__Task item__: A verbatim transcription of the listing below is required, without its pictures.

__Given material__:
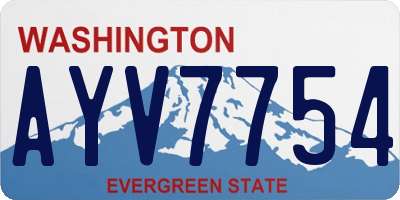WA license plate AYV7754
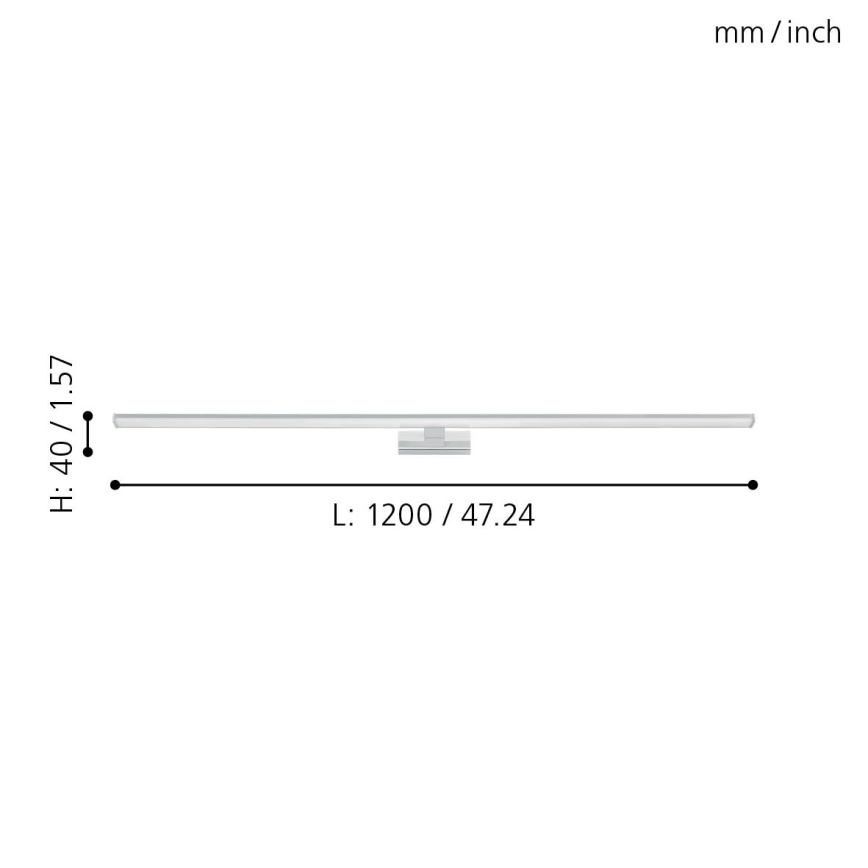 Eglo - Светодиодная подсветка для зеркала в ванной комнате LED/14W/230V 4000K 120 см IP44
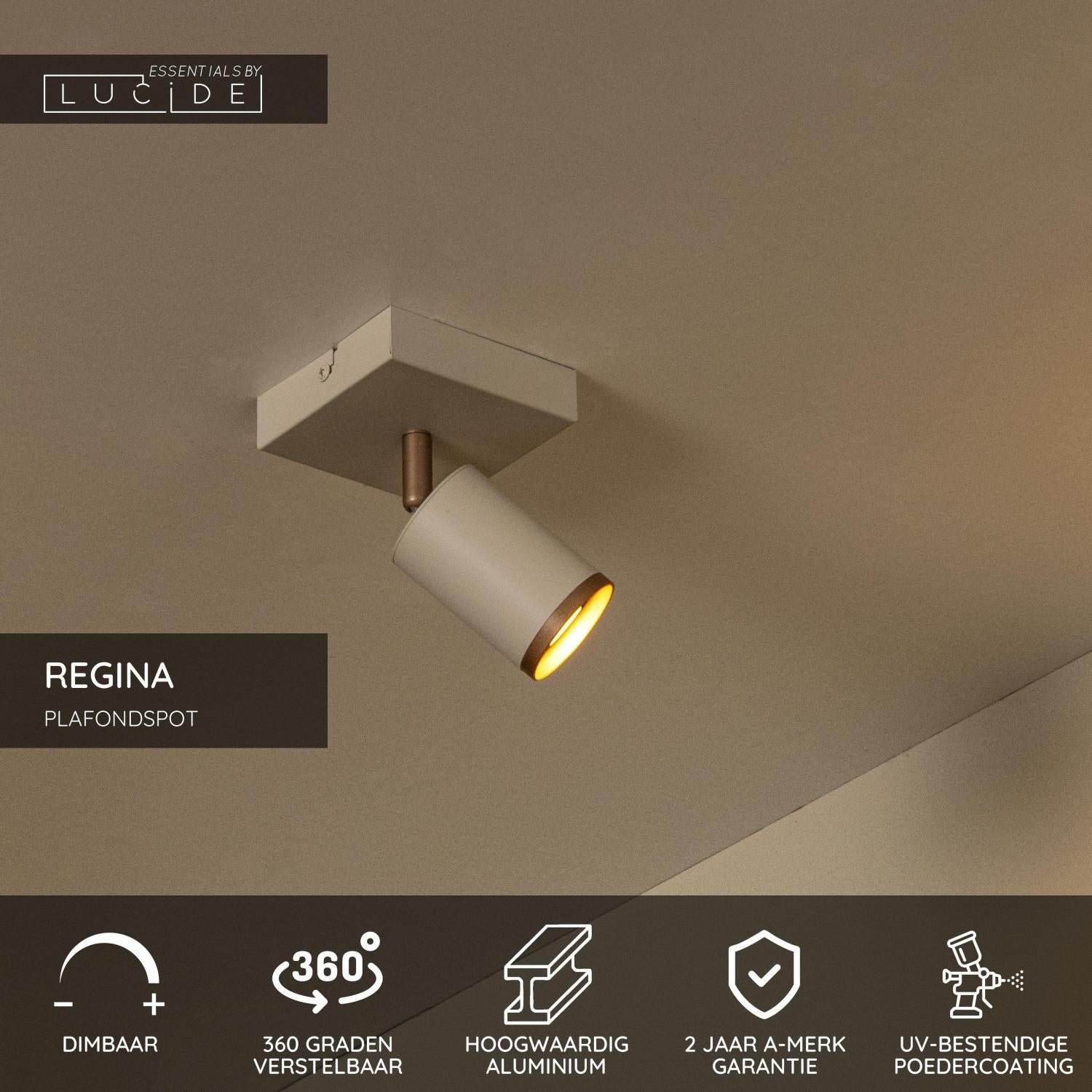 REGINA - Spot plafonnier - 1xGU10 - Taupe | Essential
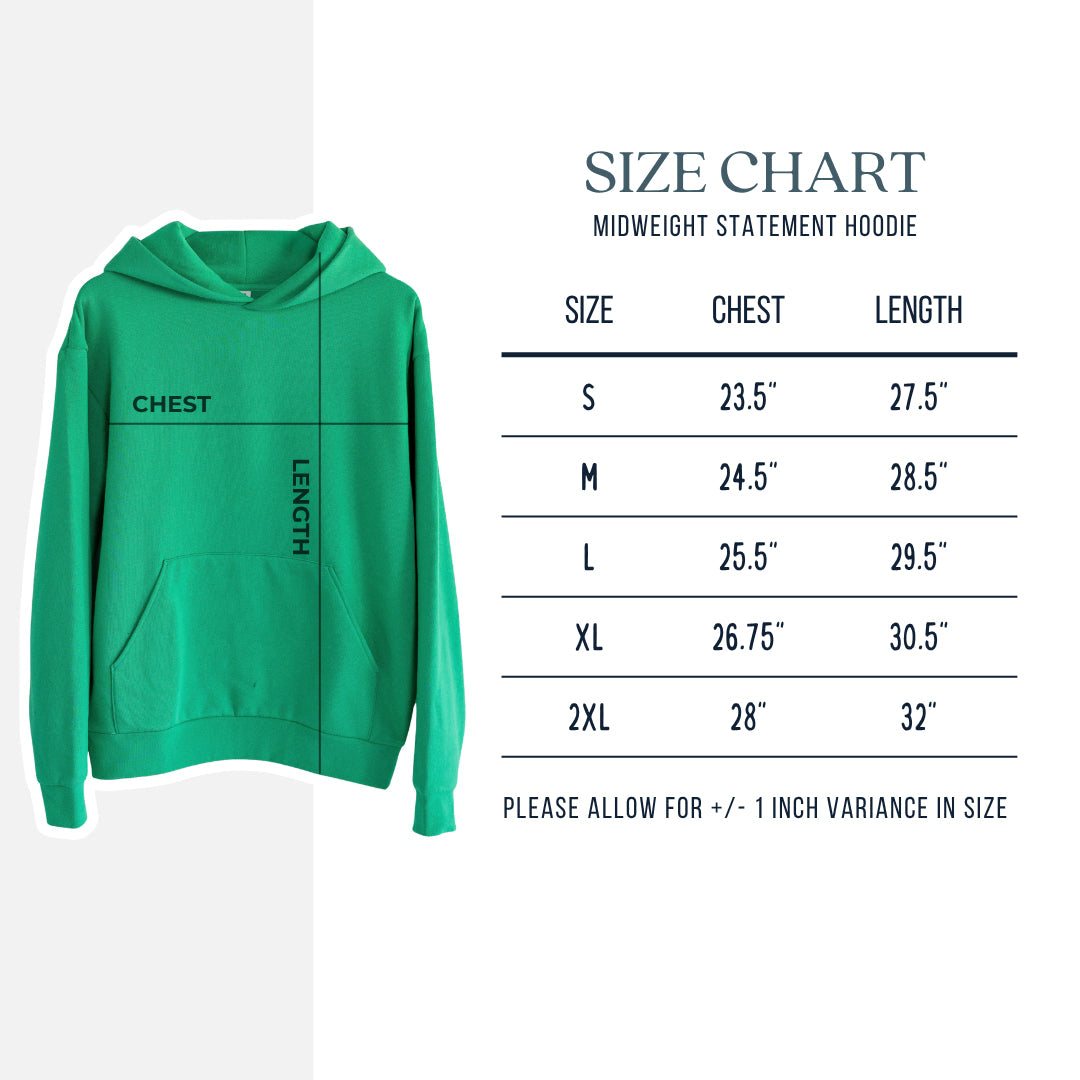 Luna Moth - Actias luna  - Statement Midweight Hoodie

__Solution__:
WA license plate AYV7754
 Eglo - Светодиодная подсветка для зеркала в ванной комнате LED/14W/230V 4000K 120 см IP44
 REGINA - Spot plafonnier - 1xGU10 - Taupe | Essential
 Luna Moth - Actias luna  - Statement Midweight Hoodie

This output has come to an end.